AMD: Pirate Islands (R* 3** series) Speculation/Rumor Thread

For make it a bit clear and this have been discussed some post further, tesssmark is really not the best way of test tesselation , it use OpenGL 4 ( who at this time was clearly made by the green team of OpenGL ), it dont forcibly reflect the real tesselation performance on DX tesselation.. But this said we all know the difference on tesselation performance between Kepler, Maxwell and AMD counterparts.
Why do you think OpenGL 4 tessellation is different from DX? It was specified to match the capabilities of the hardware which existed because of DX. If there's a difference in performance between OpenGL tessellation and DX it's because of the drivers.

I agree that Tessmark shouldn't be the only data point when judging tessellation performance. Of course having a single data point is no good for judging the performance of any feature.
 
Why do you think OpenGL 4 tessellation is different from DX? It was specified to match the capabilities of the hardware which existed because of DX. If there's a difference in performance between OpenGL tessellation and DX it's because of the drivers.

I agree that Tessmark shouldn't be the only data point when judging tessellation performance. Of course having a single data point is no good for judging the performance of any feature.

what ? ..,.. im not sure you are knowing OpenGL so-- well specially OpenGL 4.0 .. But thats another story, so maybe we will not go so far.
 
I also never understood why are people expecting all the bandwidth saving technologies in Fiji. For example if the compression had anything to do with booming size of Tonga, than you better drop that.
Because saving BW on external pins saves tons of power.
 
I still expect that full Tonga has 384bit membus
If there exists a dieshot out there you should be able to visually identify all of the memory controllers on it.

Anyway, way I see it, if tonga really had 384 bit memory, you would have seen that configuration in the retina iMacs. 5Mpixel* screen rez needs all the memory bandwidth it can get, and there exists no genuine reason Apple would hold back either. Shit, why would AMD themselves hold back the chip? It doesn't make sense. It's not as if a memory controller can be used as redundancy control anyway, considering it affects board routing considerably depending on which controller is disabled.

*5? Isn't it like...13M? "5K" is a silly designator, confusing old geezers like me. :p
 
Last edited:
Modern GPUs with scalar architectures (not to be confused with the scalar unit) need to run lots of threads (as each scalar thread does less work compared to a VLIW thread). More simultaneous threads means of course more register pressure.

Isn't the number of threads determined by pipeline/memory latency hiding requirements?
 
Isn't the number of threads determined by pipeline/memory latency hiding requirements?
The maximum number is determined by the size of your register file. The minimum required to cover internal latency is determined by pipeline depth. For CUDA at least, you try to get as many threads as possible except in some special cases.
 
The maximum number is determined by the size of your register file. The minimum required to cover internal latency is determined by pipeline depth. For CUDA at least, you try to get as many threads as possible except in some special cases.

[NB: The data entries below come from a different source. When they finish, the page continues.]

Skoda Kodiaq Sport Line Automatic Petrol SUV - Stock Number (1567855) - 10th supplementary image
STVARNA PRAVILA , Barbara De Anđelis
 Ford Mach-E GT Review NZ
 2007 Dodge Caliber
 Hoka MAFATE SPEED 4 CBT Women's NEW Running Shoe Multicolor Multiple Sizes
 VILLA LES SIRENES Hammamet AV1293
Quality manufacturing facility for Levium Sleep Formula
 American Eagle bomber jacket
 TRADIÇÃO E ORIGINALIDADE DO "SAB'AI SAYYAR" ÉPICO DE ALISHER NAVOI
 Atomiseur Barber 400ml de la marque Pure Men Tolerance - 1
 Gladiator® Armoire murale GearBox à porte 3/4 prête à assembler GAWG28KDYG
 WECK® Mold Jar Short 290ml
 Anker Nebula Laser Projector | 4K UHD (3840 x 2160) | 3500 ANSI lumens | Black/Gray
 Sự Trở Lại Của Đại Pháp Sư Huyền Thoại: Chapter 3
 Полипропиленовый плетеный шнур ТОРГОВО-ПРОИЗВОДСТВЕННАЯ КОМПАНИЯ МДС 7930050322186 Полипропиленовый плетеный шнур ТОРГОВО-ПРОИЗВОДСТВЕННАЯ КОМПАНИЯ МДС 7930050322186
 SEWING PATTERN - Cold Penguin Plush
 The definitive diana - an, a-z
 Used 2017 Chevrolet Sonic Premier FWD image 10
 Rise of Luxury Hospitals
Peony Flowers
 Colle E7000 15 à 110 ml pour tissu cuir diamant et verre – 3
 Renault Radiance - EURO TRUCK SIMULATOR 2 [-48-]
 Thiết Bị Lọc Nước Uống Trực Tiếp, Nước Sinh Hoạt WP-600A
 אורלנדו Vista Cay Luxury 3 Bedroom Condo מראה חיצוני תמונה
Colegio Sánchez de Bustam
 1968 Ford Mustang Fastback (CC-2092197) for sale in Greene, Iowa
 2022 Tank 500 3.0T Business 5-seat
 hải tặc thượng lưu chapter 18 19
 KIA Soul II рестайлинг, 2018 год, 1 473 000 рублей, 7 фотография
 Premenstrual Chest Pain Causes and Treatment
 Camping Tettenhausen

Right. I'm trying to understand sebbi's assertion that VLIW architectures inherently have less register pressure.
 
what ? ..,.. im not sure you are knowing OpenGL so-- well specially OpenGL 4.0 .. But thats another story, so maybe we will not go so far.
I don't quite follow what you're saying but I know what I'm talking about in this case. OpenGL tessellation wasn't created by Nvidia and works the same as DX tessellation.

Right. I'm trying to understand sebbi's assertion that VLIW architectures inherently have less register pressure.
I don't know if this is what sebbbi means but if you have more ILP there's less latency so you need fewer threads to this latency. Whether that translates to less register pressure might depend on the shader.
 
Right. I'm trying to understand sebbi's assertion that VLIW architectures inherently have less register pressure.
I think he means that GCN has a scalar, non-VLIW, unit bolted on next to the VLIW unit. This can be used for loop counters etc (I think.) So when you have a loop counter, you only need to allocate 1 register in the register file instead of the width of the VLIW unit.

Edit: after rereading his comment, he was obviously not talking about that scaler unit. So now I don't know either. ;)
 
Anyone knows how this color compression scheme works anyhow? As it has to be lossless, and you must surely not want it to be too cumbersome to extract the value of an individual pixel either so you don't end up having to constantly fetch more data than you would without compression...how would you go about implementing something like this?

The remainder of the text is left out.